I also felt very alone, especially after the memorial service.  I had a few close friends who really took care of me, but overall I felt very alone and isolated.  In fact, isolation was one of my main themes that first year.  Brian happened to be in the busiest few months of his entire career between teaching, coaching, and a grad school class that had double the workload of any other class.  Plus he runs the homework center and sits on the school improvement team, which meets frequently.  My dad left for a two-month-long trip, which I actually felt was very good for him to do.  But it left me feeling extremely alone and isolated.

In part because of the isolation, I felt extremely angry.  At the time I felt extremely resentful of anyone who did not seem to care or reach out to me in the way I felt should have been proper.  My mom happened to be one of those people who insist on going above and beyond to help others, so I felt especially hurt and angry that not too many people did the same for me.  At the same time I felt grateful to the friends I had who rallied around me and showed me support, helped with the kids, and grieved with me.  These friends will always have a special place in my heart; I will always be grateful to them for keeping me from sinking too deeply into my grief.

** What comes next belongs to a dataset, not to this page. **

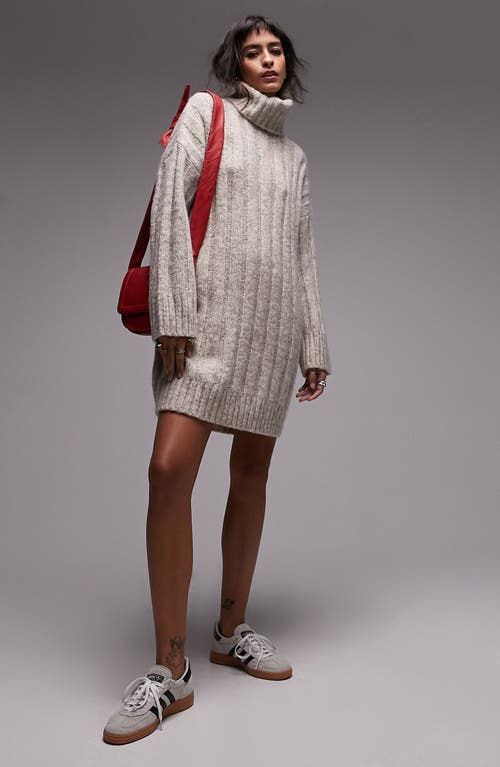 Topshop Long Sleeve Turtleneck Wide Rib Sweater Dress Stone at Nordstrom,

Looking back, I don't know if I would have been less angry if I had felt less isolated.  Anger is a stage of grieving; I just didn't see the forest for the trees.  I believed my anger was the result of specific situations; I didn't realize it was because of my mom's death, as crazy as that sounds.  In fact, I felt very shocked that I accepted it so quickly.  I didn't try to bargain; there was never a second when I didn't believe it was true; I didn't blame the doctor who possibly (probably?) made the mistake that killed my mom.  So I didn't think I was angry about her loss, just sad.  I think that's a protective mechanism.  To have felt that anger directly about her death would have put me over the edge, so instead I took it out on other people and situations.  The only truth I know is that grief is a complex, living thing, and the only way through is time.